Buyers can't agree anything among themselves.

The EU says it is "considering appropriate action, including through the Generalised System of Preferences (GSP)... in order to incentivise responsible management of supply chains" - diplomat-speak for "We'll cut off Bangladesh's duty free access".

As its foreign policy chief Catherine Ashton said of Rana Plaza: "The alleged criminality around the building's construction is finally becoming clear to the world".

The threat is serious given that 60% of Bangladesh's garment exports go to the EU - about half the country's entire exports - and a quarter of its whole industrial workforce depends on selling duty-free garments to the there.

But the EU isn't designed for fast action, and taking away Bangladesh's duty-free status is a long-winded process - with a very uncertain outcome.

Lady Ashton's own party, for example, is busy trying to reverse the UK's decision to switch its GBP14m ($21m) annual aid donation for South Africa to poorer countries. So the decision even to think about abolishing the EUR1bn a year subsidy the EU's duty-free concession pumps into Bangladesh's minuscule economy is likely to enrage every single aid lobbyist in Europe.

And it would take at least two years to get through the EU's decision-making systems - by which time Lady Ashton will be retired, and I wouldn't bet on the proposal ever being enacted.

Who knows how many more will die while all that's going on? So here's the Flanswer: a modest proposal for identifying and delisting all the dodgy factories.

The Flanswer

  • The major buyers need to agree some general principles immediately.
  • Those principles should be:
  1. Bangladesh is a unique - and urgent - case. Procedures in Bangladesh don't necessarily apply anywhere else.
  2. No unsafe buildings. As from 30 June 2013, no independently verified safety certificate: no business.
  3. Any subcontractor found using an uncertified business gets fired. Preferably by all the major buyers, throughout every buyer's system.
  4. The general principles of the Walmart conditions are accepted as the minimum standards applying to all buyers in Bangladesh.
  5. Deal with the problems of how owners pay for upgrades and what to do with redundant workers when they happen. If we can believe the BGMEA, the workers will get hired somewhere else; nowhere else can currently match Bangladesh on price.
  6. Buyers' loyalty is to the workers making garments on their behalf: not to their subcontractors, not to the factory owners, and most certainly not to the owners' associations.
  7. Job number one for all buyer staff in Bangladesh is to stop any more catastrophes. Any manager is authorised to stop production in an unsafe factory, and supplier contracts specify this.
  • Issues of union recognition and decent pay are important. But they're not central to the building safety issue, and can be kept till later.
  • In practice, buyers should actively encourage worker whistle-blowing.
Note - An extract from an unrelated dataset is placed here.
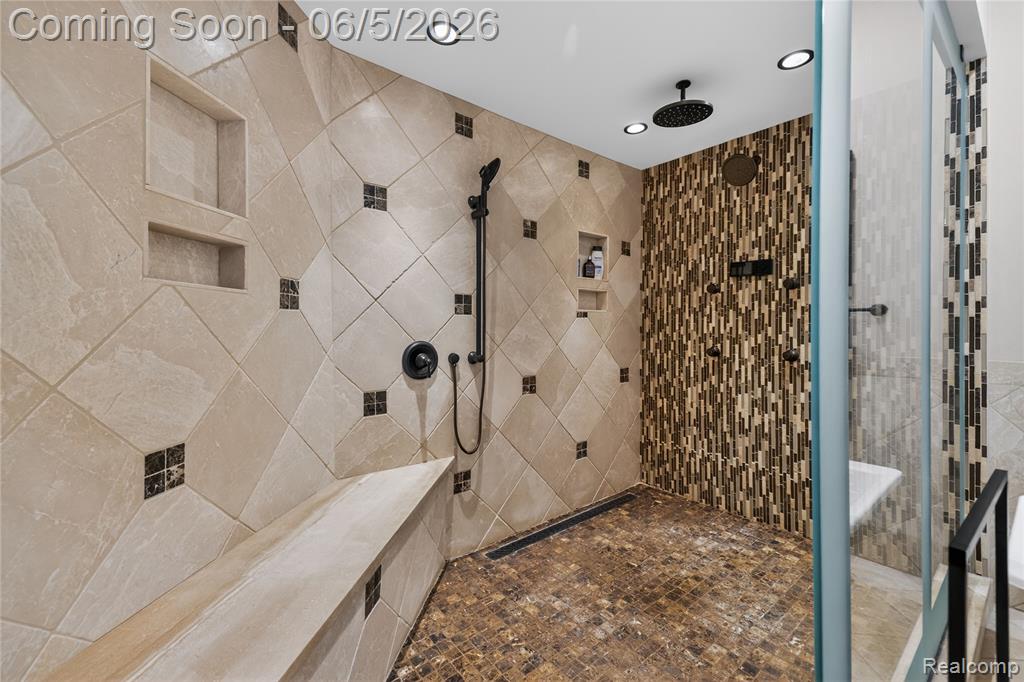 18124 Meridian Road, Grosse Ile, MI 48138 — Photo 42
Indeed, they should donate a small sum, and collectively provide a small admin centre and IT expertise, for Bangladeshi activists to set up a website with details of all factories, and their known construction and permitting history. Workers should be encouraged to input data, anonymously, of jobs going through the system.
  • Eventually, buyers will control what's being made for them with conventional staff. But right now, there are 4m Bangladeshi garment workers with far better access to information about the buildings where garments are being made than anyone in the buying organisations can possibly have. Each of these 4m people is more interested in having a safe building than any buyer or activist group can ever be - or than BSCI could even dream could be possible. They constitute an enormous asset for buyers prepared to use them. 

Some might call this guerilla compliance. It will be rough and ready. But it'll be ready quickly.

And isn't that a lot better than the kind of compliance where storage for workers' sandwiches matters more than whether the workers will still be alive at lunchtime?